Since the last time I had Svetlana spend some weekend time with me while Mimi was away with Scott, Mimi has had a weekend away in Chicago with Scott where I had no intimacy with a lover (see our “Home Alone” entry), and I definitely prefer NOT being alone while she’s gone.  It seems to balance things out a bit and takes the sting out of her being away with someone else.

I, too, try not to contact Mimi much when she is away.  That said, I am guilty of assuming that when she doesn’t answer the phone or return texts, it’s because she is having sex (but to be fair, the first time Scott came to New Orleans, that actually WAS the reason, though I assume it’s not always the reason).  It’s tough to balance the need to connect with realizing that we both need to let each other “do our thing” when we have weekends apart like this. 

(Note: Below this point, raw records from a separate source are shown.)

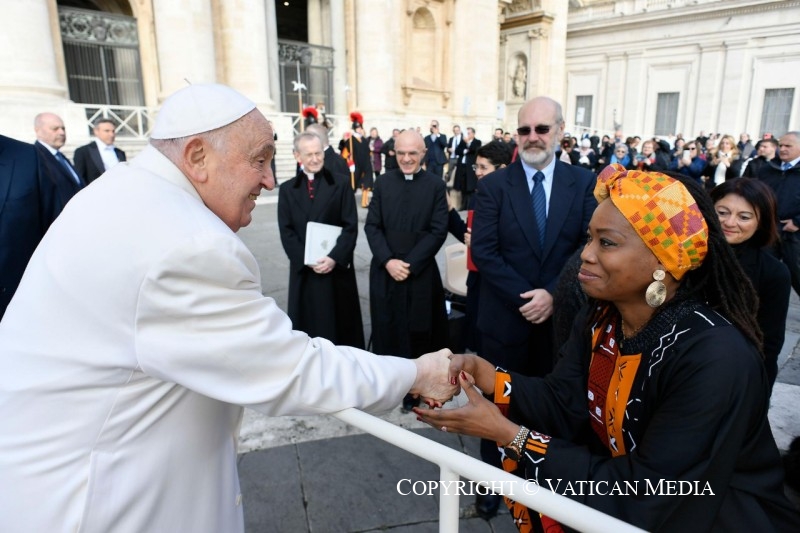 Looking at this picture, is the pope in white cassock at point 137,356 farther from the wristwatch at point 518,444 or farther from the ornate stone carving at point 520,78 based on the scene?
the ornate stone carving at point 520,78

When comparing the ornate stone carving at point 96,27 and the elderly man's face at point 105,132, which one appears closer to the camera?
the elderly man's face at point 105,132

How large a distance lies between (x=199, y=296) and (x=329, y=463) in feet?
7.60

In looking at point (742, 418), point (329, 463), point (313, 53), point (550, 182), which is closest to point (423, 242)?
point (550, 182)

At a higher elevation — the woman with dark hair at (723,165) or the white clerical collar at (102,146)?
the white clerical collar at (102,146)

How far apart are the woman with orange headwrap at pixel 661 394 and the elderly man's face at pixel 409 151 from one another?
2.43 metres

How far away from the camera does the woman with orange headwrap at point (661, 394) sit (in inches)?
57.3

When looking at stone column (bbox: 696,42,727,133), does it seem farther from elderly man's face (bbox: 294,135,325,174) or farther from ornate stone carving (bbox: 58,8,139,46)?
elderly man's face (bbox: 294,135,325,174)

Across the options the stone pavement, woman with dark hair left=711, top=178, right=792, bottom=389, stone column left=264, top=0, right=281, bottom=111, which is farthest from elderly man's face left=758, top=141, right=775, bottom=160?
stone column left=264, top=0, right=281, bottom=111

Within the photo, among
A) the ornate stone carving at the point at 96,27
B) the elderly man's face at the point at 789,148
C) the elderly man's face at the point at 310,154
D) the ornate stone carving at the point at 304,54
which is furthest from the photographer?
the ornate stone carving at the point at 304,54

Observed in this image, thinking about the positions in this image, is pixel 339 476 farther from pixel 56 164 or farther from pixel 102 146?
pixel 102 146

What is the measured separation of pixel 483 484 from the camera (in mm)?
1289

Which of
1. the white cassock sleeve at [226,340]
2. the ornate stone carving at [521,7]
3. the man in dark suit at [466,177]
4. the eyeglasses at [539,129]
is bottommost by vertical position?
the man in dark suit at [466,177]

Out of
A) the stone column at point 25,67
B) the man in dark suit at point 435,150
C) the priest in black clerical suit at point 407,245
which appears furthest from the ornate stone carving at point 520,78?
the priest in black clerical suit at point 407,245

When we parted ways, we both promised to take care of each other when she returned to New Orleans.  That’s the biggest thing that makes this open relationship run as smoothly as possible.  It’s so important to check in with each other and find out if there’s anything that will help the other person deal with his/her emotions any better.  Boundaries are also key.  Realizing what emotions YOU have to deal with on your own, or with friends/confidants, and what emotions you should expect your partner to help you out with.  I personally have insecurities and jealousies just like most people do, but I realize that Mimi’s only job is to answer questions, and confirm her feelings for me, not to do the work that needs to be done for me to deal with the insecurities….that is work I need to do.

One other thing that Mimi and I do is make an effort to make some things still special between only the two of us (no, I’m not talking about butt sex).  There are certain restaurants that Mimi and I go to and certain types of shopping we do at specific stores in Chicago when we’re there, and Mimi has agreed not to do those things with Scott, so that they can be our special things to do when we’re there.  Likewise, there are certain restaurants that I don’t go with Svetlana, and specific things I don’t do with Svetlana while we’re at our (mine and Mimi’s) house.

These are all little things that require negotiation, and that communication is super important.  Our biggest responsibility to each other during, before, and after these weekends apart is communication, and as long as we keep the lines of communication open, and engage in that without much judgment, we can make it work.